Along came a major infrastructure release that, like all releases that came before, could not be rolled back. This release was the release-from-hell. Everything looked fine during the wee hours of the morning, but when traffic picked up as the East Coast woke up, the site went down. Had we been able to roll back, we could have done so at that point with a few upset customers and a bruised ego but nothing worse. But we couldn’t. So we coddled the site all day adding capacity, throttling traffic, and so on, trying to keep things working until we had a fix. We pushed a patch late that evening and without the traffic on the site, thought we’d fixed it. The next morning, as traffic increased, the site started having problems again. This pattern of push a fix at night, without traffic think it’s fixed, only to find out the next day that the site still had issues carried on for more than a week.

By the end of that week everyone was exhausted from being up literally days in a row. We finally pushed a patch that completely bypassed the original changes and were able to stabilize the site. While many lessons were learned from that incident, including failures of leadership, the one most relevant for this rule is that all that pain, to us as well as to our customers, could have been avoided had we been able to roll back the code.

One of the actions that came out of our postmortem was no more code was allowed to be released that couldn’t be rolled back. At that point we had no choice but to make that edict, the business had zero tolerance for any more pain of that nature, and every single engineer understood that need as well. Six weeks later, when the next release was ready, we had the ability to roll back. What we all thought were insurmountable challenges turned out to be reasonably straightforward.

The following bulleted points provided us and many other teams since then the ability to roll back. As you’d expect the majority of the problem with rolling back is in the database. By going through the application to clean up any outstanding issues and then adhering to some simple rules every team should be able to roll back.

Database changes must only be additive— Columns or tables should only be added, not deleted, until the next version of code is released that deprecates the dependency on those columns. Once these standards are implemented every release should have a portion dedicated to cleaning up the last release’s data that is no longer needed.

DDL and DML scripted and tested— The database changes that are to take place for the release must be scripted ahead of time instead of applied by hand. This should include the rollback script.

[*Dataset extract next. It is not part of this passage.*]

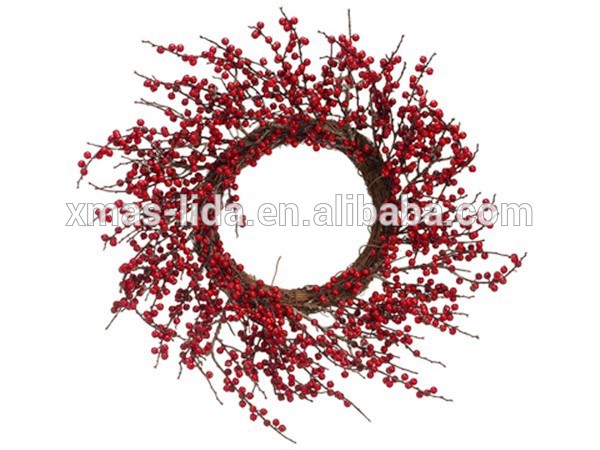 人工的なクリスマスリース赤い果実-装飾用花&花網問屋・仕入れ・卸・卸売り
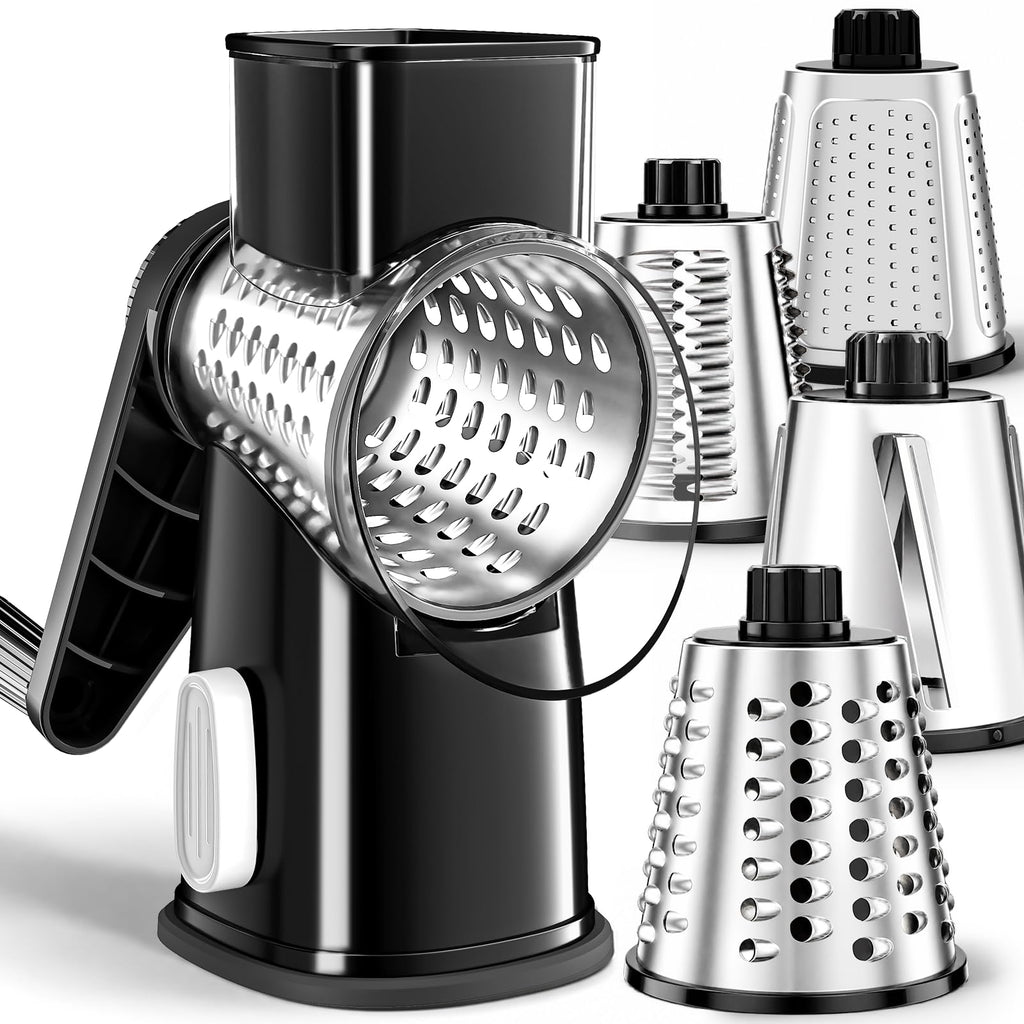 Weltonhm 4 in 1 Large Cheese Grater Hand Crank Rotary (White 4 Graters)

The two reasons for this are that 1) the team needs to test the rollback process in QA or staging to validate that they have not missed something that would prevent rolling back and 2) the script needs to be tested under some amount of load condition to ensure it can be executed while the application is utilizing the database.

Restricted SQL queries in the application— The development team needs to disambiguate all SQL by removing all SELECT * queries and adding column names to all UPDATE statements.

Semantic changes of data— The development team must not change the definition of data within a release. An example would be a column in a ticket table that is currently being used as a status semaphore indicating three values such as assigned, fixed, or closed. The new version of the application cannot add a fourth status until code is first released to handle the new status and then code can be released to utilize the new status.

Wire On/Wire Off— The application should have a framework added that allows code paths and features to be accessed by some users and not by others, based on an external configuration. This setting can be in a configuration file or a database table and should allow for both role-based access as well as random percentage based. This framework allows for beta testing of features with a limited set of users and allows for quick removal of a code path in the event of a major bug in the feature, without rolling back the entire code base.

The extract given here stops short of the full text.